> **ASSIGNMENT**:
In the copy, include exactly the lines from the one with "Ministerialprotokoller, klokkerbøker og" through the end of the data and no others, both ends kept, with every picture left out.

> **SUPPLIED INFORMATION**:
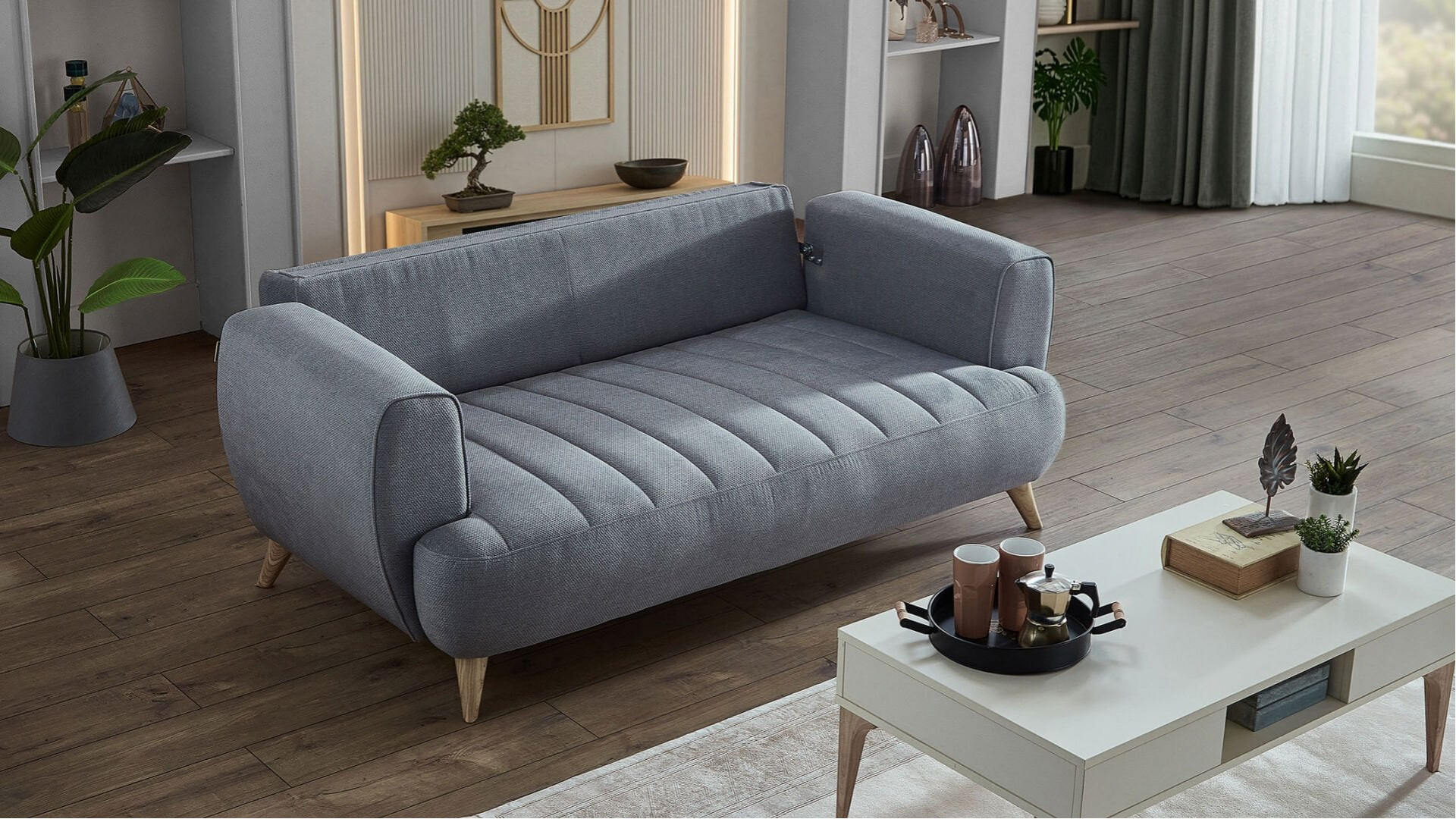 Mona 2er-Sofa - Blau - Eiche-Füße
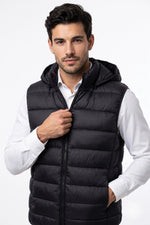 Colete Masculino Puffer Preto com Capuz Removível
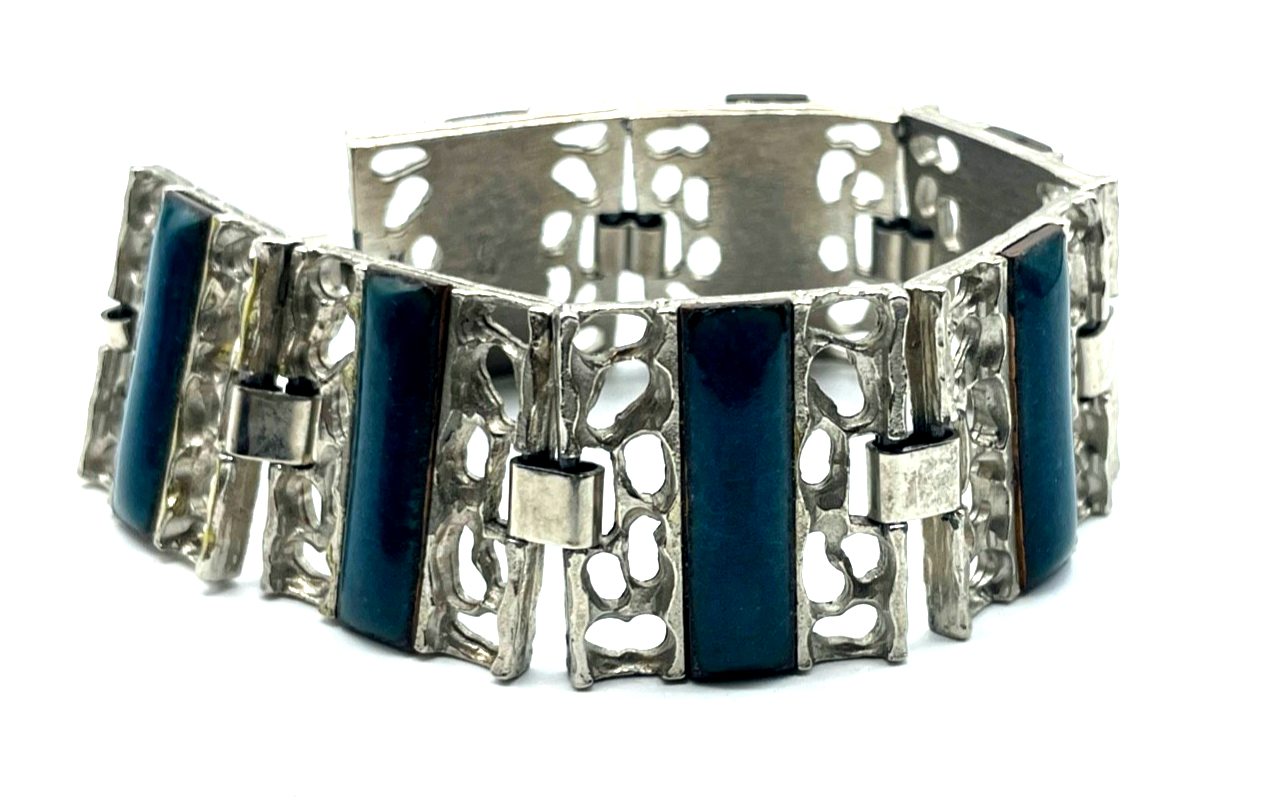 70erJ Armband vintage Brutalist Modeschmuck mit Emaille L 20 B 2,8 cm1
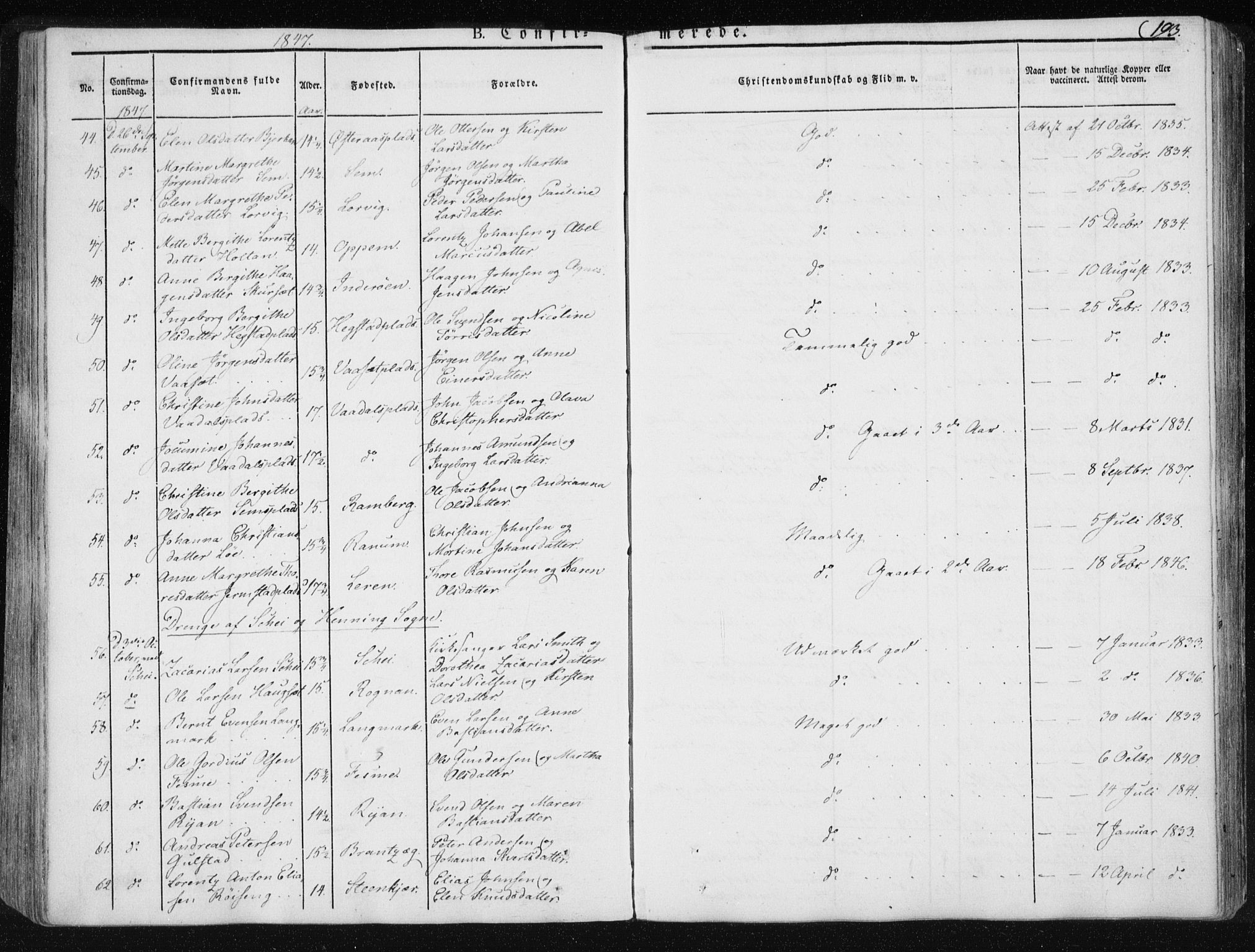 Ministerialprotokoller, klokkerbøker og fødselsregistre - Nord-Trøndelag, AV/SAT-A-1458/735/L0339: Parish register (official) no. 735A06 /1, 1836-1848, p. 193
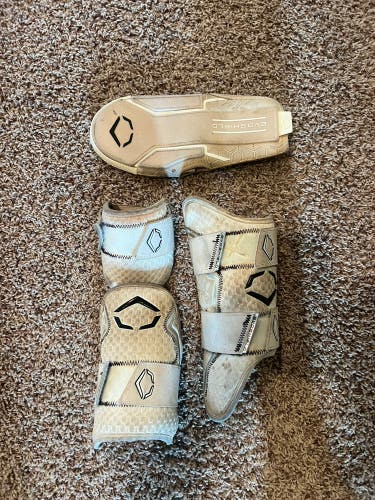 White Senior EvoShield Leg guard Shin Guards (Used)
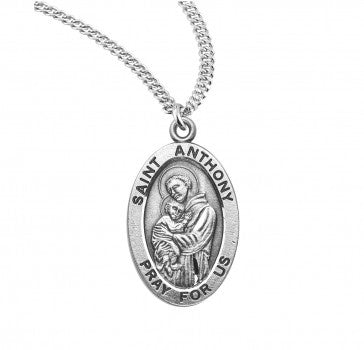 St. Anthony Sterling Silver Oval Medal - Necklace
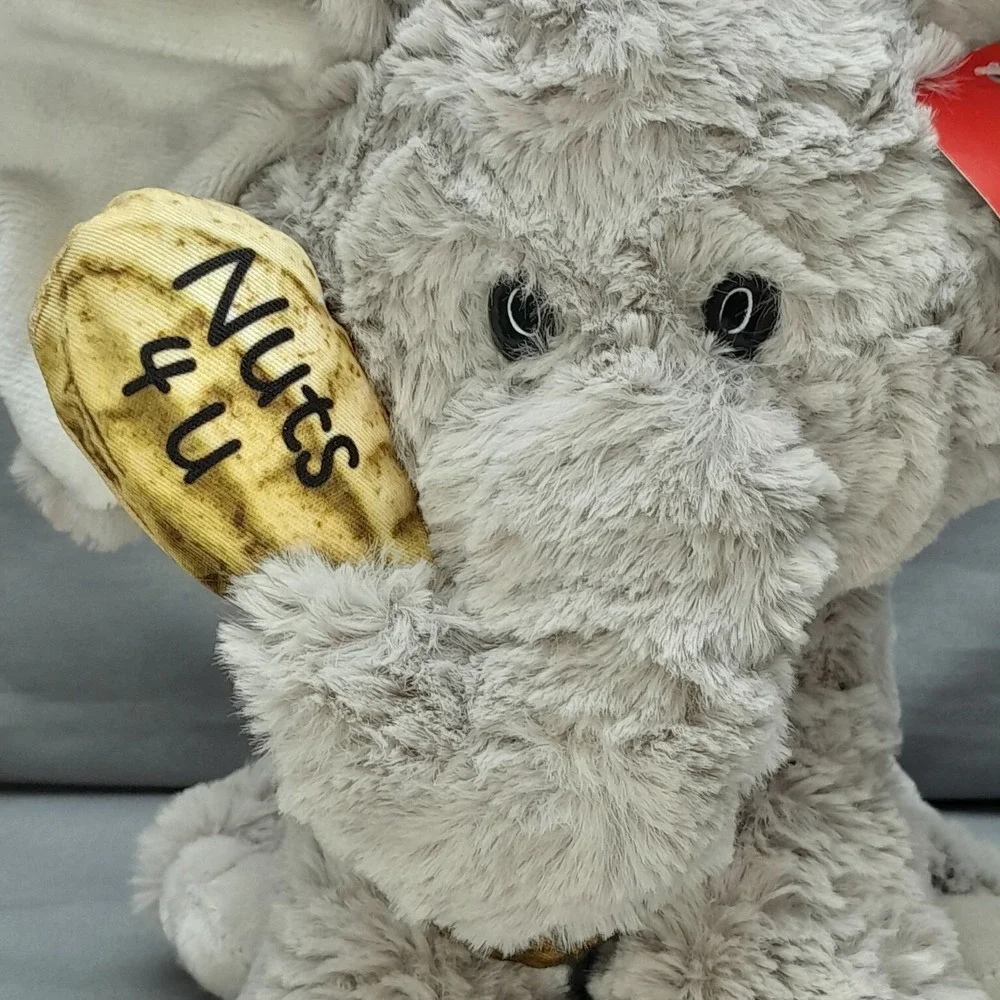 Aurora Elephant Plush Nuts 4 U Gray Stuffed Animal Holding Peanut 8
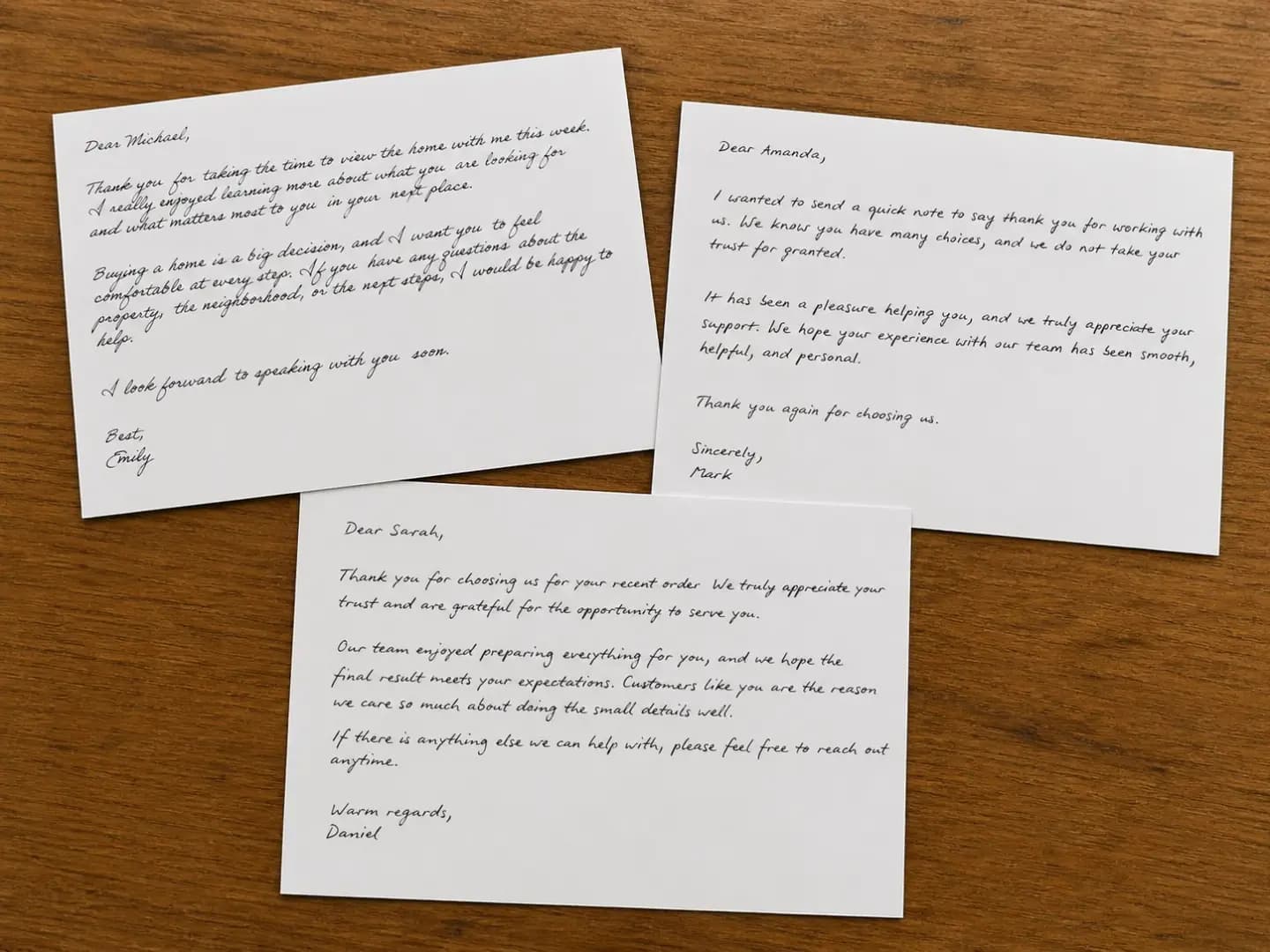Handwritten business note example printed on real paper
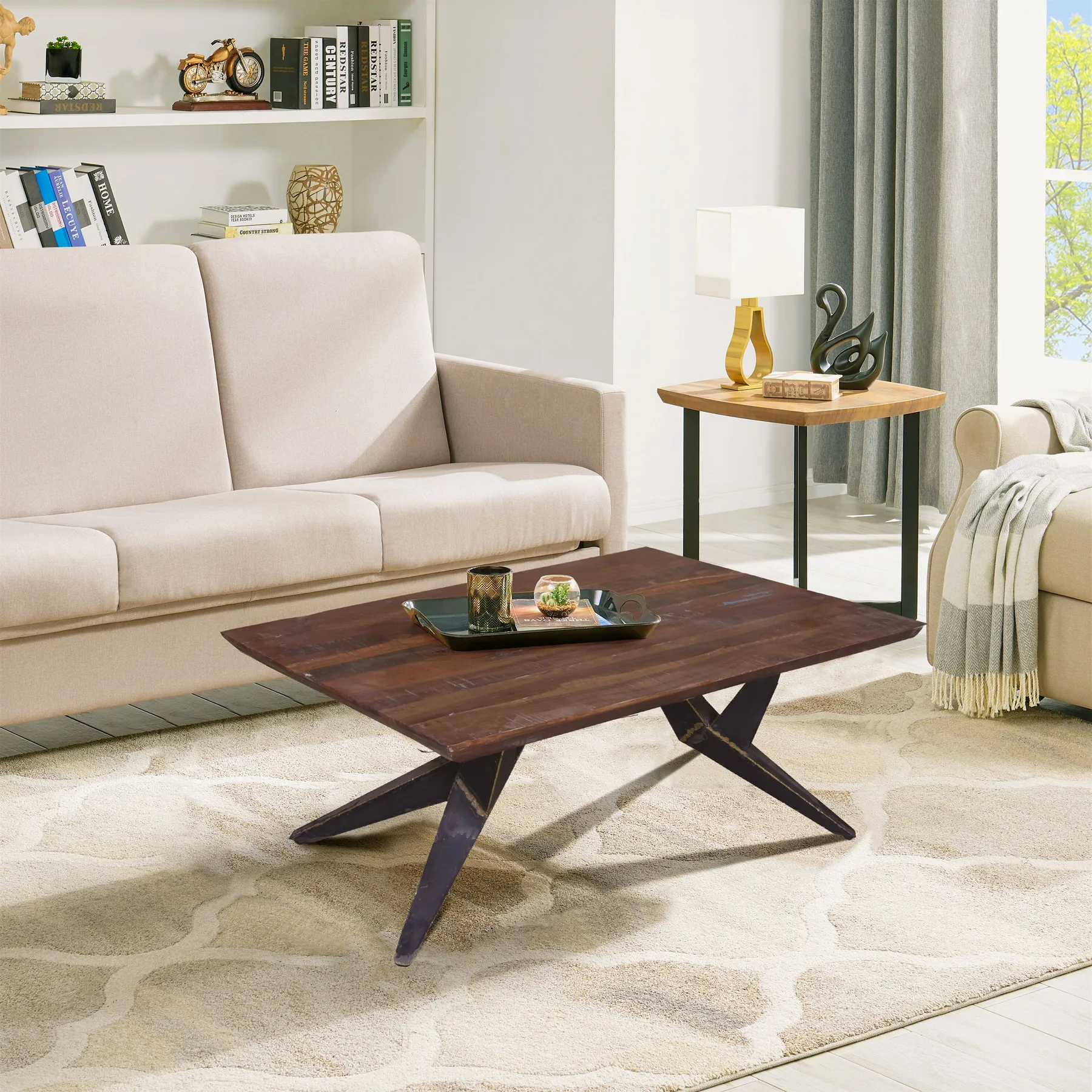 Modern solid wood coffee table with sculptural joinery in a contemporary room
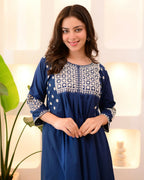 The52 Women's Beautiful Viscose Rayon Fabric Thread Work Flared Kurta Pant Set | Grocsy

> **RESULT OF THE EXERCISE**:
 Ministerialprotokoller, klokkerbøker og fødselsregistre - Nord-Trøndelag, AV/SAT-A-1458/735/L0339: Parish register (official) no. 735A06 /1, 1836-1848, p. 193
 White Senior EvoShield Leg guard Shin Guards (Used)
 St. Anthony Sterling Silver Oval Medal - Necklace
 Aurora Elephant Plush Nuts 4 U Gray Stuffed Animal Holding Peanut 8
Handwritten business note example printed on real paper
 Modern solid wood coffee table with sculptural joinery in a contemporary room
 The52 Women's Beautiful Viscose Rayon Fabric Thread Work Flared Kurta Pant Set | Grocsy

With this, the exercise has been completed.